Copying rule for the data below: pictures stay out, and only the lines from the one with "立体挂镜 装饰镜 玄关镜 浴室镜 穿衣镜 化妆镜 欧式 圆形 0519" down to the one with "Verkeersongeval op Zonnestein", inclusive, are repeated exactly.

Data for processing -
⟨
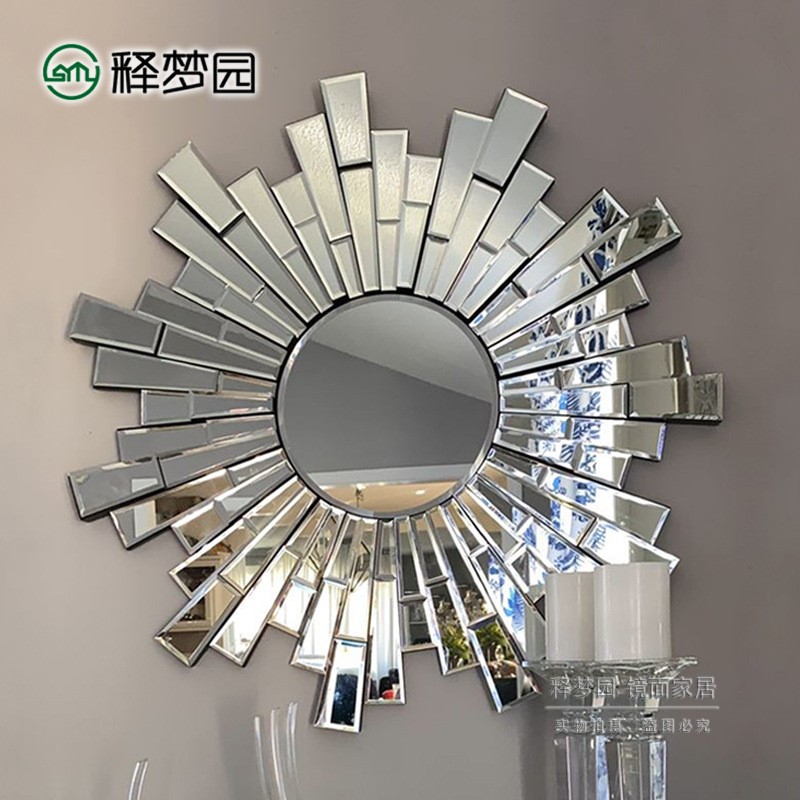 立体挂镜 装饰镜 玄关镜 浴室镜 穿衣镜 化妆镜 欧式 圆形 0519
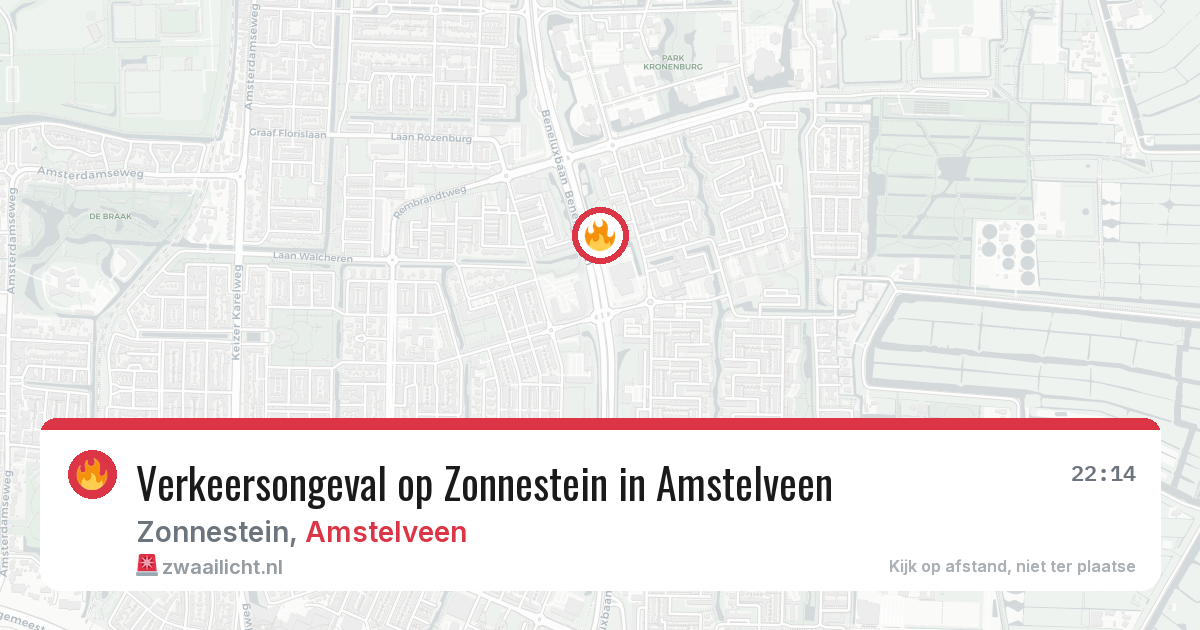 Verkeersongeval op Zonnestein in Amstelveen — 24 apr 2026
⟩
⟨
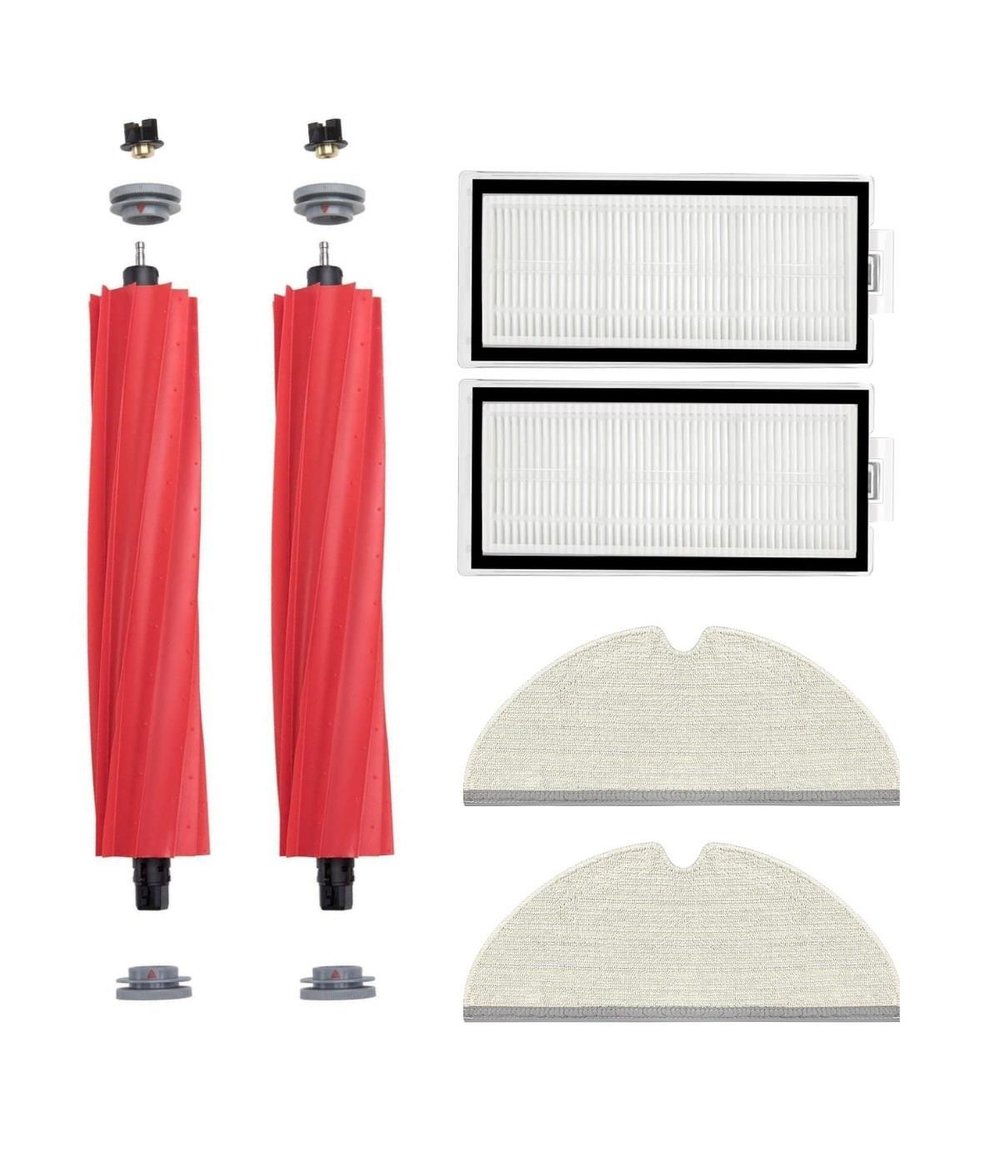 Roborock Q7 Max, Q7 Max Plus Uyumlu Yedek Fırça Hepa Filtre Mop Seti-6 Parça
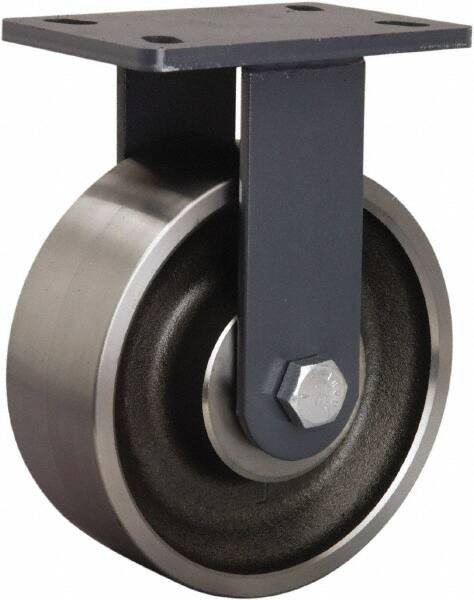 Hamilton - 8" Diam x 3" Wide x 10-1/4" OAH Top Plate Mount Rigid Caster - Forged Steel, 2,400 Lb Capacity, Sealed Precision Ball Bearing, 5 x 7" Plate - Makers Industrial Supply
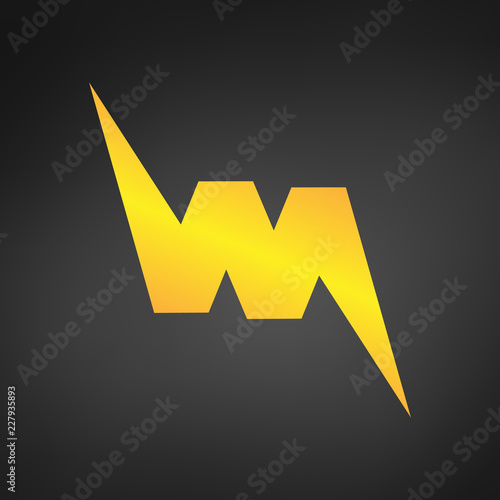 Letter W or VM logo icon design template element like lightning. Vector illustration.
⟩
Output for this exercise -
 立体挂镜 装饰镜 玄关镜 浴室镜 穿衣镜 化妆镜 欧式 圆形 0519
 Verkeersongeval op Zonnestein in Amstelveen — 24 apr 2026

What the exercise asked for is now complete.